In the British holding company’s latest 2022 accounts, the company’s auditor Grant Thornton said financial problems facing its parent company in France could limit the UK arm’s ability to access cash and continue as a going concern.
In April, Atos UK’s parent company announced total debt of almost €5 billionand looked at financial restructuring offers to stabilize finances.
The auditors’ findings, first reported by The Times, also warned that if the parent company failed to successfully negotiate or renegotiate loans or sell assets, the UK arm could face being unable to service its own debts.
Atos is one of the UK government’s forty strategic suppliers, a group of select contractors that have billions of pounds worth of contracts with government departments.

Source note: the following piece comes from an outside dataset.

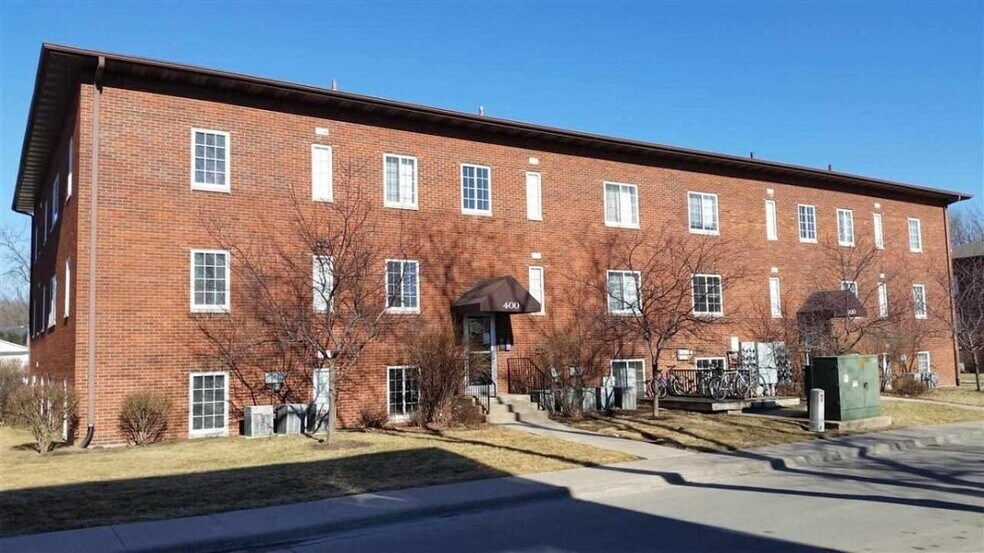 Building Photo - 500 Grandview Ct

According to researchers at data firm Tussell, Atos has almost £1bn in revenue from 43 contracts, including the supply of IT systems to the NHS, the Ministry of Defence and the Department for Work and Pensions.
However, the government is monitoring Atos’ financial problems and i newspaper reports that the government has drawn up contingency plans to maintain public services if Atos cannot meet demands. They reportedly include lining up other potential IT suppliers if Atos cannot continue to provide these services.
The troubled French IT company has had a turbulent few years as it tried to tackle its growing debt pile. During that period, the company’s shares have fallen in value by 97%, while it has also had four CEOs in two years.
Included in its plan to raise cash, it has sought to sell off parts of the business, with the French government this month offering €700 million to buy key assets of its security and data divisions.
The company is also trying to reach a rescue deal that would restructure its debt.
On Wednesday it revealed it had received a new restructuring deal from a committee of bondholders after talks with a consortium of investors led by David Layani’s Onepoint collapsed.
In its 2022 accounts, which were written ahead of the recent restructuring proposals, Grant Thornton said that due to the wider difficulties and uncertainty over the restructuring of the business intended for the UK arm, there is a “material uncertainty that could cast significant doubt about the company’s ability to continue as an ongoing concern.”
An Atos spokesperson said: “Atos is currently undergoing a financial restructuring, which will create a stable financial future globally and in the UK.
“Services to our customers are unaffected and we will continue to provide high quality services to the UK public and private sectors, as we have done for more than 30 years.”